> **Task to complete**: Determine the number of lines in the entries below in which the word "Nissan" appears, and reply with that number only.

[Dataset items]
= = = =
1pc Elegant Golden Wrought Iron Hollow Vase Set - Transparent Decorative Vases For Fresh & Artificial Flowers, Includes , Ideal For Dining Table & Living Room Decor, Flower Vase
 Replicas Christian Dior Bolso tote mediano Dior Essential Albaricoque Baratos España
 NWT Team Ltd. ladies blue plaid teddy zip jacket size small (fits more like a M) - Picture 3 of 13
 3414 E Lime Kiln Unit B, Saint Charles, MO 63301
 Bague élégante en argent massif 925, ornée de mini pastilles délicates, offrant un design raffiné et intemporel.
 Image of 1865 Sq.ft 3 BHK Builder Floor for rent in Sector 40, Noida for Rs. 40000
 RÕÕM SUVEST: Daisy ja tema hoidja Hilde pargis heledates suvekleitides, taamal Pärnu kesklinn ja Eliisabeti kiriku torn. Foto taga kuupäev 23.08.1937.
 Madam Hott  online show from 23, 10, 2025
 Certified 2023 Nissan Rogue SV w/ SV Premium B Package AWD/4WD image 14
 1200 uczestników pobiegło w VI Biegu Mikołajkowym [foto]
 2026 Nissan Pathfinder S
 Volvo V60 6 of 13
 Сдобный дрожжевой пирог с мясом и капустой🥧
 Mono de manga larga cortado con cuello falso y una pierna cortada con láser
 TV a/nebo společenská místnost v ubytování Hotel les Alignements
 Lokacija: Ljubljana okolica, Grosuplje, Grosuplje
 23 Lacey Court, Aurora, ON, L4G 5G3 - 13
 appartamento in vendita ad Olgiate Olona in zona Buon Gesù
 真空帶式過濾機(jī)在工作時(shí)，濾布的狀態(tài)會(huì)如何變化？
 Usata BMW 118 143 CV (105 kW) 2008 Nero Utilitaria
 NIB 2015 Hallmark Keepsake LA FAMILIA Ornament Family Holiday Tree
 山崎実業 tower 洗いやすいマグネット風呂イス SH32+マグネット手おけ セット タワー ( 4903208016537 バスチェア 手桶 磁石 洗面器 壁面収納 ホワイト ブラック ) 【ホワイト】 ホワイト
= = = =
> **Response to the task**: 2